== Task data ==
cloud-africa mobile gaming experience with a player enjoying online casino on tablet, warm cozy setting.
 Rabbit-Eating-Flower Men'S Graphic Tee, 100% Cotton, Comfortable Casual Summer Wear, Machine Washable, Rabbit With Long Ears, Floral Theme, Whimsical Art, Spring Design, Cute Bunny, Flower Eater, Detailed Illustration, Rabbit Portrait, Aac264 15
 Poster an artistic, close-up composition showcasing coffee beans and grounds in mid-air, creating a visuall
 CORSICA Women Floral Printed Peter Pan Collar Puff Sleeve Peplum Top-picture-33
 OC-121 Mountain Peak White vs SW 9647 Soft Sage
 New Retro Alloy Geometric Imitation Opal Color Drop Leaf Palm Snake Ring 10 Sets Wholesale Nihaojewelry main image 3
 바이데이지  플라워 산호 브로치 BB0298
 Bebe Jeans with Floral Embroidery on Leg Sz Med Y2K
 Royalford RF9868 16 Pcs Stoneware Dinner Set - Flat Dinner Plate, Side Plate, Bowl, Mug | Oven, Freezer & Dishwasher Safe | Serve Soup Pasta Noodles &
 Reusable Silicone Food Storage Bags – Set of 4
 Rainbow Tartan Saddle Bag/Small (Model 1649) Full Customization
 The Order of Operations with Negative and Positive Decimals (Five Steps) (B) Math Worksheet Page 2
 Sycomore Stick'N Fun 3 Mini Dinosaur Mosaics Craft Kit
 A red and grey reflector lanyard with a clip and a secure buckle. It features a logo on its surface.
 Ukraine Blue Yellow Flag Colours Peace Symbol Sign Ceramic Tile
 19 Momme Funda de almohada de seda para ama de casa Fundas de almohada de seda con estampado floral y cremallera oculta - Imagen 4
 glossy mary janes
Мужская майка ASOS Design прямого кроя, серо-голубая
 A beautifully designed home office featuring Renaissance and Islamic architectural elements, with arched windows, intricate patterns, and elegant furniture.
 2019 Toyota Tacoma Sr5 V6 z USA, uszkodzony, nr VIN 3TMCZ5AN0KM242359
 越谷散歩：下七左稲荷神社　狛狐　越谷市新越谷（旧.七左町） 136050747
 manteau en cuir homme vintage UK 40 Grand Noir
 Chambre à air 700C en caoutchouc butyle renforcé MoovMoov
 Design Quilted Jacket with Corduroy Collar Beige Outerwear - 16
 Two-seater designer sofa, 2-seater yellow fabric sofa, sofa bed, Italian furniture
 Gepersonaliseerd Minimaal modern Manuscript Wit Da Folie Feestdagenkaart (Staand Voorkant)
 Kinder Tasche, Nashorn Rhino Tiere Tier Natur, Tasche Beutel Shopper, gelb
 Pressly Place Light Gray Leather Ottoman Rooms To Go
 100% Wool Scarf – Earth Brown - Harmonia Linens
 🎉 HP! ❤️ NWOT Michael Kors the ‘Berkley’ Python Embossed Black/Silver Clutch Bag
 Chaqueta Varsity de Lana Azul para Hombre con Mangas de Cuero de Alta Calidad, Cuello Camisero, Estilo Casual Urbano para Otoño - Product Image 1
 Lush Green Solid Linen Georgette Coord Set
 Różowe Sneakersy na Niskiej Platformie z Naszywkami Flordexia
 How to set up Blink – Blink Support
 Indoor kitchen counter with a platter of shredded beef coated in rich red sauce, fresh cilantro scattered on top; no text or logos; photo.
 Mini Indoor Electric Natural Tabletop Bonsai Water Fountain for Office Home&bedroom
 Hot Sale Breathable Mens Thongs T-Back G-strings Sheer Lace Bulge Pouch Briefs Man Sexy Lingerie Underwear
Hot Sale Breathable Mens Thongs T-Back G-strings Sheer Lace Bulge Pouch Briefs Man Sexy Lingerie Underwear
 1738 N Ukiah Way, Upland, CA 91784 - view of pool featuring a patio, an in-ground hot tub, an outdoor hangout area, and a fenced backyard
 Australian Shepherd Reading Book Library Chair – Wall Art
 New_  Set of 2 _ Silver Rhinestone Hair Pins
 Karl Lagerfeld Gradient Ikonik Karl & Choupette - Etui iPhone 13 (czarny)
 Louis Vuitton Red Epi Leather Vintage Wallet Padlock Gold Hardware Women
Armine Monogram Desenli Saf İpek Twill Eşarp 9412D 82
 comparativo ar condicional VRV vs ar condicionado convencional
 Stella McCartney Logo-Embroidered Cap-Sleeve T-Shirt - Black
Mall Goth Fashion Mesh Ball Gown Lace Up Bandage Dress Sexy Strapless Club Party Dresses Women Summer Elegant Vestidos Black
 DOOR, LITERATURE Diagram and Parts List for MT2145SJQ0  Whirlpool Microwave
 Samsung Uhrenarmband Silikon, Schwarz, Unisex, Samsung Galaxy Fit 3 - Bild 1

== Work to complete ==
Check the entries above for the word "Indoor" and copy every line where it turns up.

== Solution to the exercise ==
 Indoor kitchen counter with a platter of shredded beef coated in rich red sauce, fresh cilantro scattered on top; no text or logos; photo.
 Mini Indoor Electric Natural Tabletop Bonsai Water Fountain for Office Home&bedroom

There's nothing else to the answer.